[INFORMATION GIVEN]

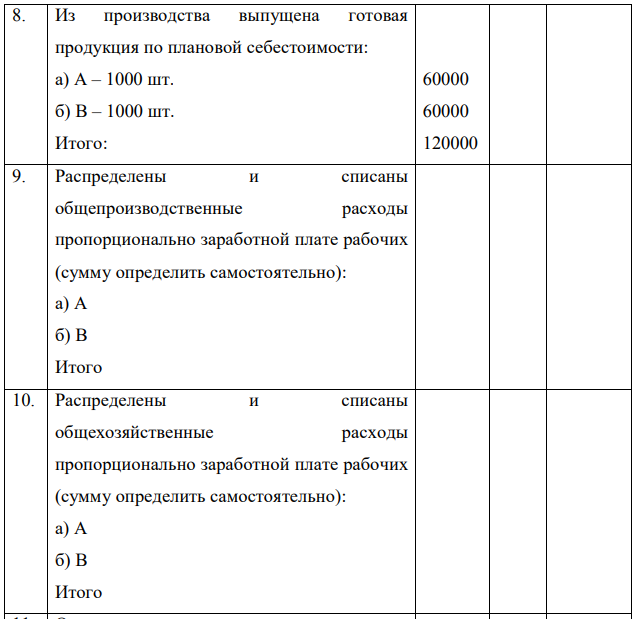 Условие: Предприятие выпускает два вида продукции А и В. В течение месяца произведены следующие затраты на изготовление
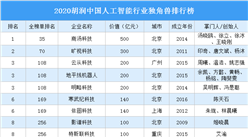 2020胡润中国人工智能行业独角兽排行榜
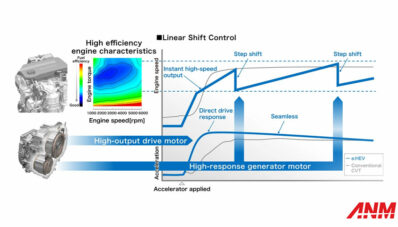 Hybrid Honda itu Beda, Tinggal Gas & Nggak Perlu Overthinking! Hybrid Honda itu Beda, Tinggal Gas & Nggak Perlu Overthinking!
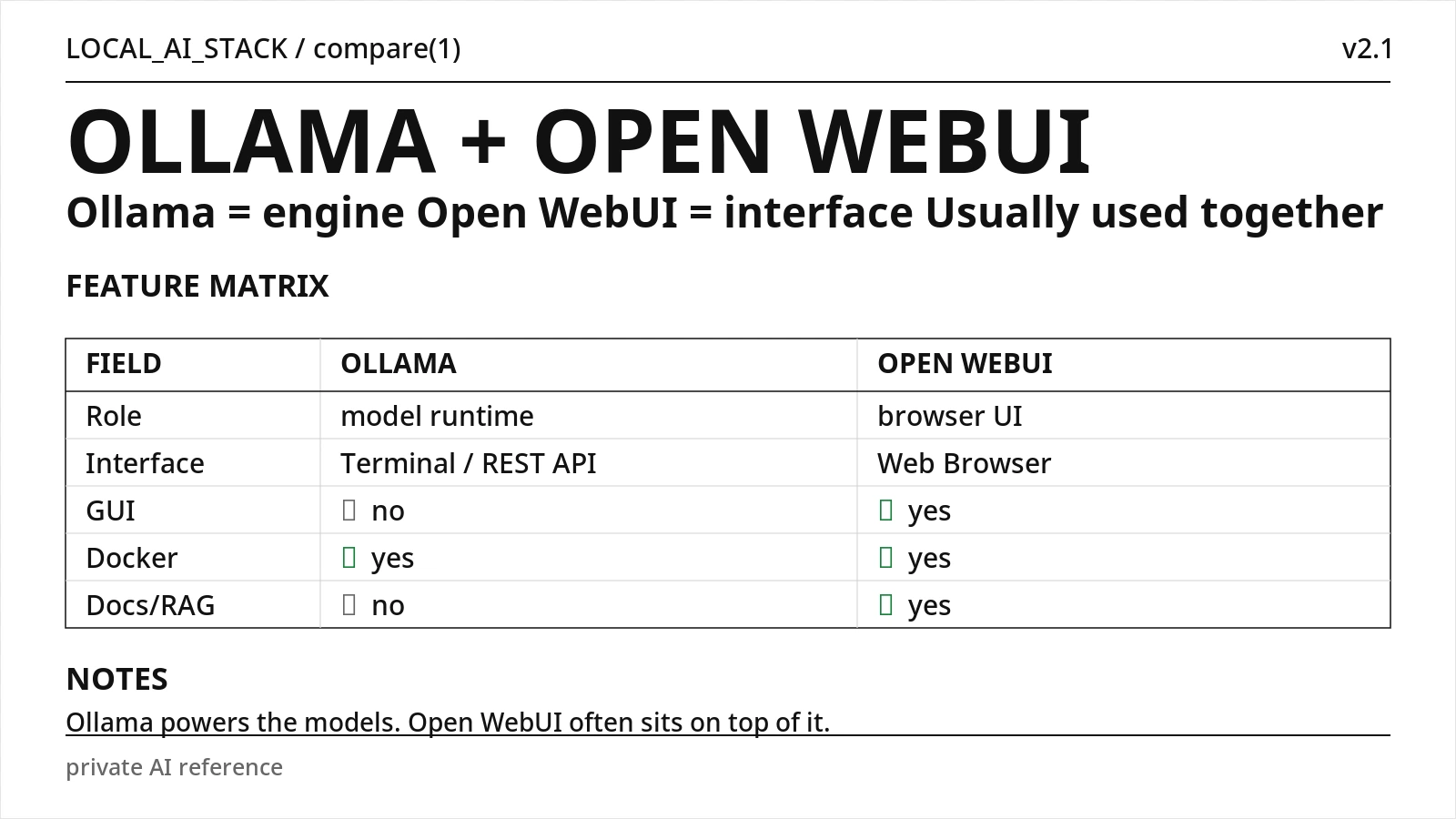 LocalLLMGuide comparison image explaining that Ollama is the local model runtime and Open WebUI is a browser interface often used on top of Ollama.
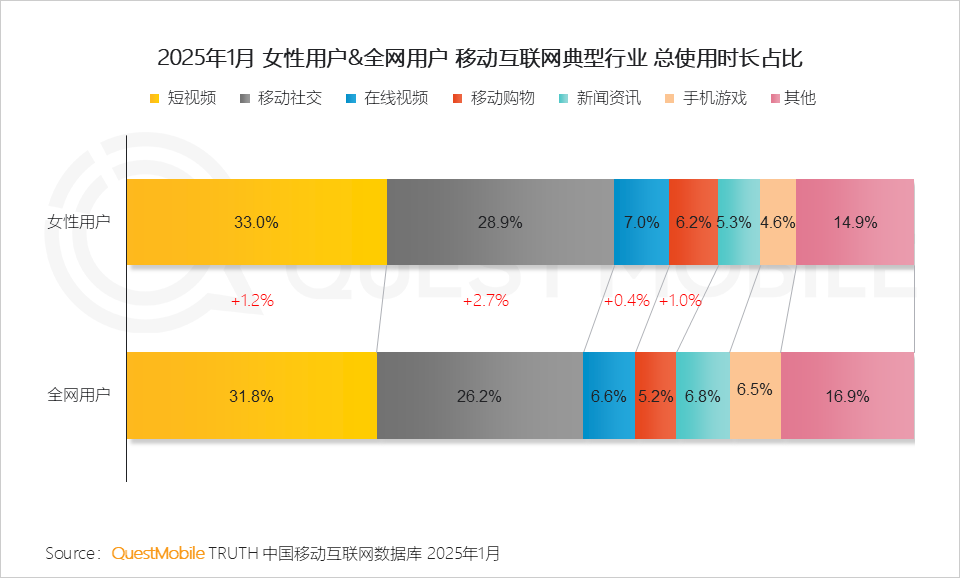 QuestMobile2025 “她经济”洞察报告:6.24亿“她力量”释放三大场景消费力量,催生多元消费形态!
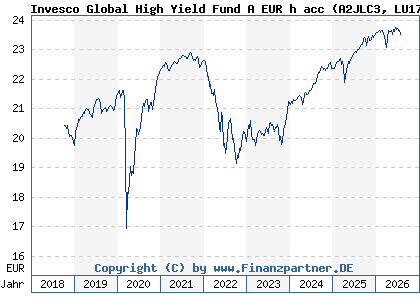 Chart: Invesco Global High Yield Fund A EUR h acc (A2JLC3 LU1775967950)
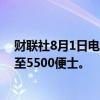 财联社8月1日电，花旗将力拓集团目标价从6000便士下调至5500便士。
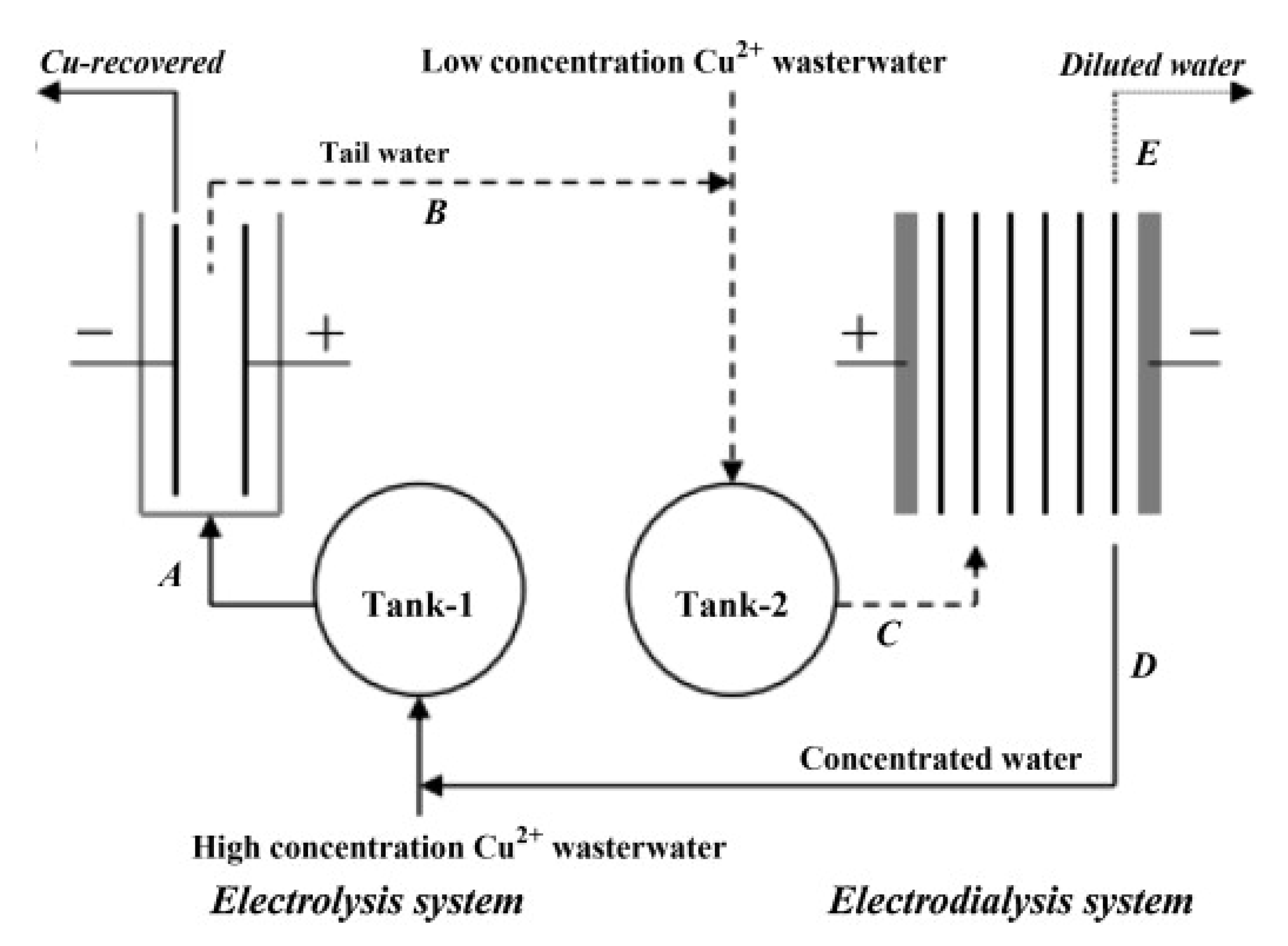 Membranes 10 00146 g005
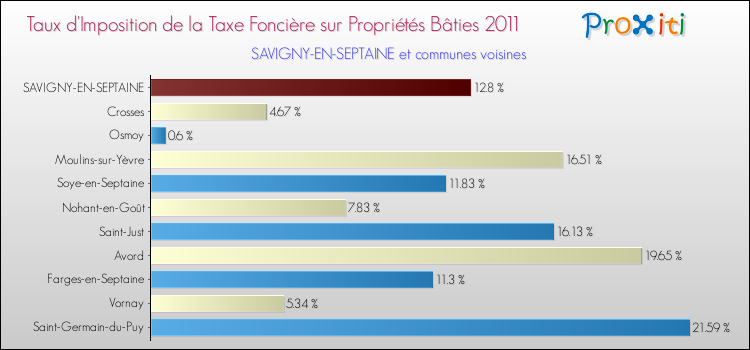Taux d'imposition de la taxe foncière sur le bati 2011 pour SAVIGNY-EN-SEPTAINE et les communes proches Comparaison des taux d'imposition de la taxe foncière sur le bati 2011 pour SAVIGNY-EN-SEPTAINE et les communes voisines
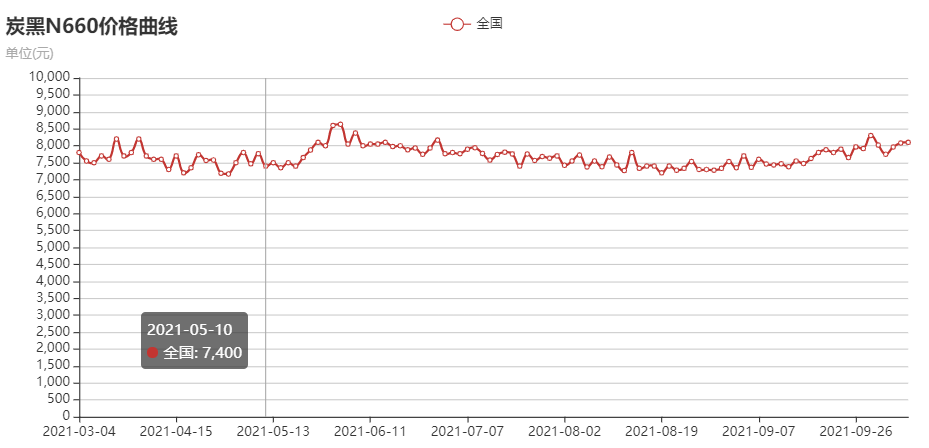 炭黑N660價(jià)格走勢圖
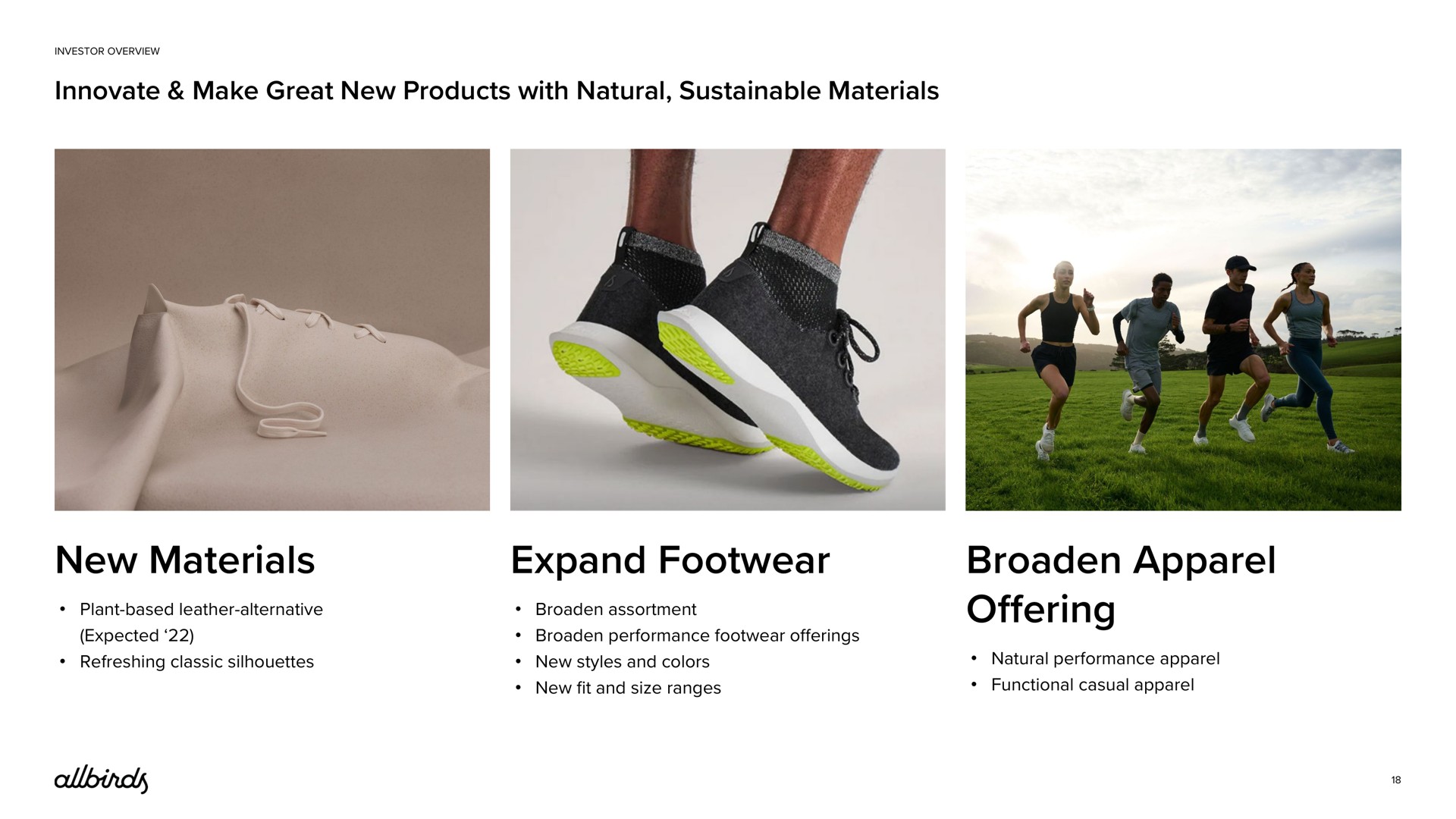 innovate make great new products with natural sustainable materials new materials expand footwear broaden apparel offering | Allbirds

[/INFORMATION GIVEN]

- _WORK ORDER_:
Which lines run from the one that holds "QuestMobile202" to the final line of the records above? Return them exactly, and skip the pictures.

- _RESULT_:
 QuestMobile2025 “她经济”洞察报告:6.24亿“她力量”释放三大场景消费力量,催生多元消费形态!
 Chart: Invesco Global High Yield Fund A EUR h acc (A2JLC3 LU1775967950)
 财联社8月1日电，花旗将力拓集团目标价从6000便士下调至5500便士。
 Membranes 10 00146 g005
Taux d'imposition de la taxe foncière sur le bati 2011 pour SAVIGNY-EN-SEPTAINE et les communes proches Comparaison des taux d'imposition de la taxe foncière sur le bati 2011 pour SAVIGNY-EN-SEPTAINE et les communes voisines
 炭黑N660價(jià)格走勢圖
 innovate make great new products with natural sustainable materials new materials expand footwear broaden apparel offering | Allbirds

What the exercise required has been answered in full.